[Records for processing]

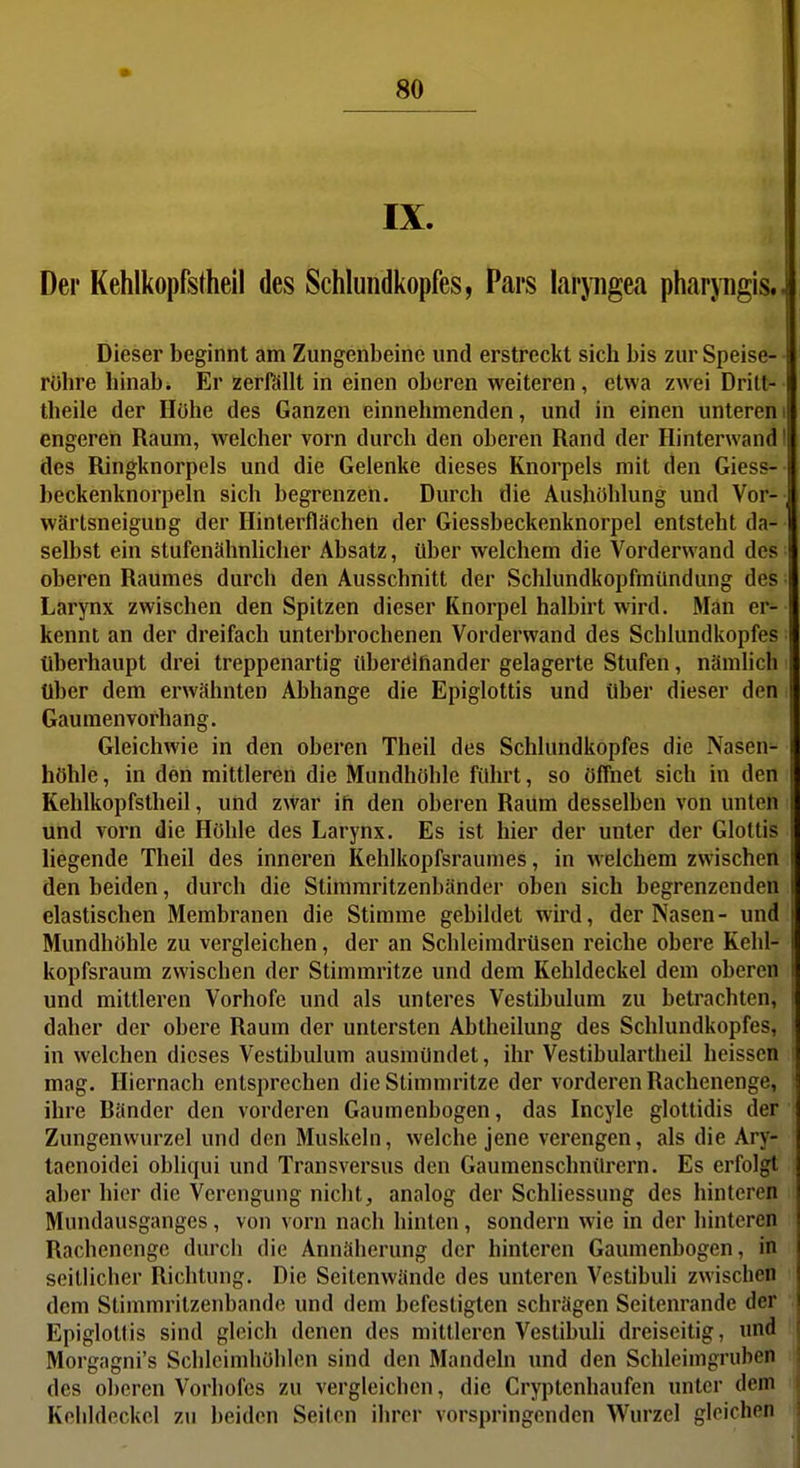 IX. Der Kehlkopfstheil des Schlundkopfes, Pars laryiigea pharjugis. Dieser beginnt am Zungenl)eine und erstreckt sich bis zur Speise- röhre hinab. Er zerfällt in einen oberen weiteren, etwa zwei Drilt- theile der Hübe des Ganzen einnehmenden, und in einen unterem engeren Raum, welcher vorn durch den oberen Rand der Hinterwand I des Ringknorpels und die Gelenke dieses Knorpels mit den Giess- beckenknorpeln sich begrenzen. Durch die Aushöhlung und Vor- wärtsneigung der Hinterflächen der Giessbeckenknorpel entsteht da- selbst ein stufenähnlicher Absatz, über welchem die Vorderwand des oberen Raumes durch den Ausschnitt der Schlundkopfmündung des; Larynx zwischen den Spitzen dieser Knorpel halbirt wird. Man er- kennt an der dreifach unterbrochenen Vorderwand des Schlundkopfes: überhaupt drei treppenartig übereinander gelagerte Stufen, nämlich i über dem erwähnten Abhänge die Epiglottis und über dieser den Gaumenvofhang. Gleichwie in den oberen Theil des Schlundkopfes die Nasen- höhle , in den mittleren die Mundhöhle führt, so öffnet sich in den Kehlkopfstheil, und z\Var ifi den oberen Raum desselben von unten und vorn die Höhle des Larynx. Es ist hier der unter der Glottis liegende Theil des inneren Kehlkopfsraunies, in welchem zwischen den beiden, durch die Stimmritzenbänder oben sich begrenzenden elastischen Membranen die Stimme gebildet wird, der Nasen- und Mundhöhle zu vergleichen, der an Schleimdrüsen reiche obere Kehl- kopfsraum zwischen der Stimmritze und dem Kehldeckel dem oberen und mittleren Vorhofe und als unteres Vestibulum zu betrachten, daher der obere Raum der untersten Abtheilung des Schlundkopfes, in welchen dieses Vestibulum ausmündet, ihr Vestibulartheil heisscn mag. Hiernach entsprechen die Stimmritze der vorderen Rachenenge, ihre Bänder den vorderen Gaumenbogen, das Incyle glottidis der Zungenwurzel und den Muskeln, welche jene verengen, als die Ary- taenoidei obliqui und Transversus den Gaumenschnürern. Es erfolgt aber hier die Verengung nicht, analog der Schliessung des hinteren Mundausganges, von vorn nach hinten, sondern wie in der hinteren Rachenenge durch die Annäherung der hinteren Gaumenbogen, in seitlicher Richtung. Die Seitenwände des unteren Vestibuli zwischen dem Stimmritzenbande und dem befestigten schrägen Seitenrande der Epiglotlis sind gleich denen des mittleren Vestibuli dreiseitig, und Morgagni's Schlcimhöhlen sind den Mandeln und den Schleimgruben des oberen Vorhofes zu vergleichen, die Cryplenhaufen unter dem Kehldeckel zu beiden Seiten ihrer vorspringenden Wurzel gleichen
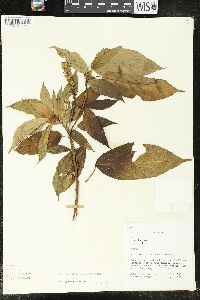 Acalypha stricta image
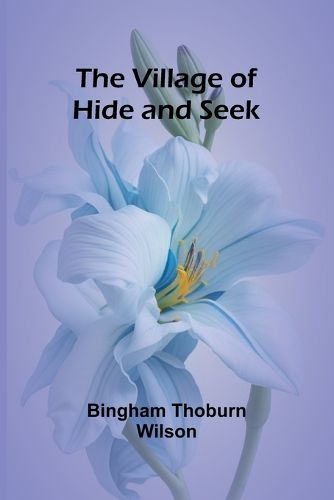 Cover image for The Village of Hide and Seek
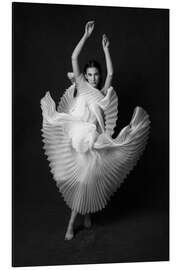 Magnettafel Schwanensee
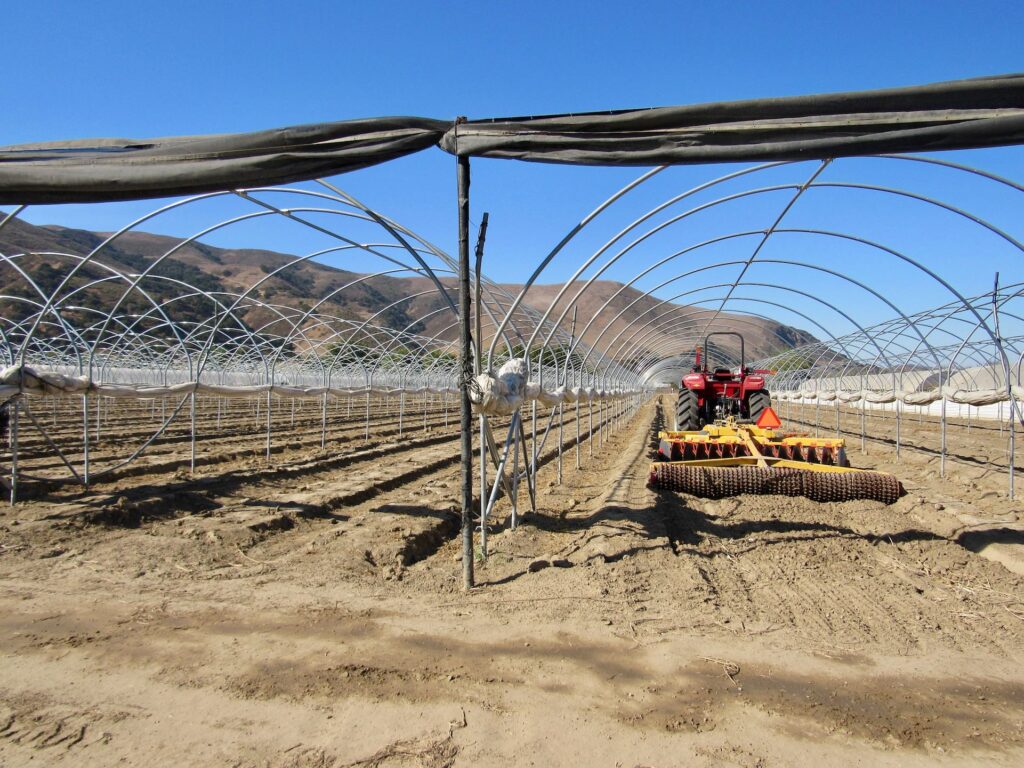 Raw Garden harvest photo essay by David Downs at Leafly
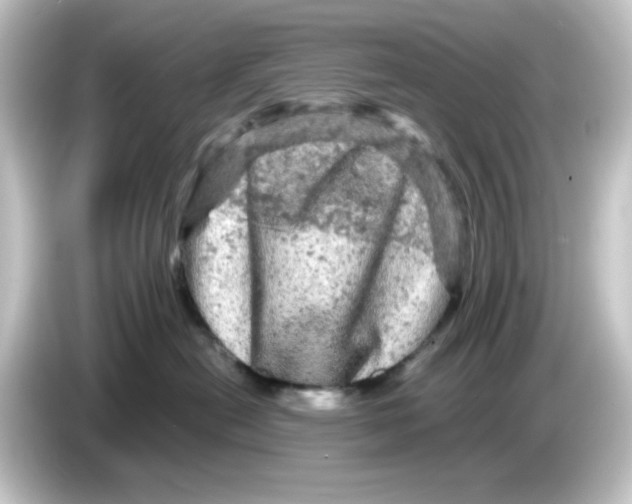 X0000084560478200703161707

[Work request] Your answer must be an exact copy of the listing, minus its pictures.

[Response below]
 IX. Der Kehlkopfstheil des Schlundkopfes, Pars laryiigea pharjugis. Dieser beginnt am Zungenl)eine und erstreckt sich bis zur Speise- röhre hinab. Er zerfällt in einen oberen weiteren, etwa zwei Drilt- theile der Hübe des Ganzen einnehmenden, und in einen unterem engeren Raum, welcher vorn durch den oberen Rand der Hinterwand I des Ringknorpels und die Gelenke dieses Knorpels mit den Giess- beckenknorpeln sich begrenzen. Durch die Aushöhlung und Vor- wärtsneigung der Hinterflächen der Giessbeckenknorpel entsteht da- selbst ein stufenähnlicher Absatz, über welchem die Vorderwand des oberen Raumes durch den Ausschnitt der Schlundkopfmündung des; Larynx zwischen den Spitzen dieser Knorpel halbirt wird. Man er- kennt an der dreifach unterbrochenen Vorderwand des Schlundkopfes: überhaupt drei treppenartig übereinander gelagerte Stufen, nämlich i über dem erwähnten Abhänge die Epiglottis und über dieser den Gaumenvofhang. Gleichwie in den oberen Theil des Schlundkopfes die Nasen- höhle , in den mittleren die Mundhöhle führt, so öffnet sich in den Kehlkopfstheil, und z\Var ifi den oberen Raum desselben von unten und vorn die Höhle des Larynx. Es ist hier der unter der Glottis liegende Theil des inneren Kehlkopfsraunies, in welchem zwischen den beiden, durch die Stimmritzenbänder oben sich begrenzenden elastischen Membranen die Stimme gebildet wird, der Nasen- und Mundhöhle zu vergleichen, der an Schleimdrüsen reiche obere Kehl- kopfsraum zwischen der Stimmritze und dem Kehldeckel dem oberen und mittleren Vorhofe und als unteres Vestibulum zu betrachten, daher der obere Raum der untersten Abtheilung des Schlundkopfes, in welchen dieses Vestibulum ausmündet, ihr Vestibulartheil heisscn mag. Hiernach entsprechen die Stimmritze der vorderen Rachenenge, ihre Bänder den vorderen Gaumenbogen, das Incyle glottidis der Zungenwurzel und den Muskeln, welche jene verengen, als die Ary- taenoidei obliqui und Transversus den Gaumenschnürern. Es erfolgt aber hier die Verengung nicht, analog der Schliessung des hinteren Mundausganges, von vorn nach hinten, sondern wie in der hinteren Rachenenge durch die Annäherung der hinteren Gaumenbogen, in seitlicher Richtung. Die Seitenwände des unteren Vestibuli zwischen dem Stimmritzenbande und dem befestigten schrägen Seitenrande der Epiglotlis sind gleich denen des mittleren Vestibuli dreiseitig, und Morgagni's Schlcimhöhlen sind den Mandeln und den Schleimgruben des oberen Vorhofes zu vergleichen, die Cryplenhaufen unter dem Kehldeckel zu beiden Seiten ihrer vorspringenden Wurzel gleichen
 Acalypha stricta image
 Cover image for The Village of Hide and Seek
 Magnettafel Schwanensee
 Raw Garden harvest photo essay by David Downs at Leafly
 X0000084560478200703161707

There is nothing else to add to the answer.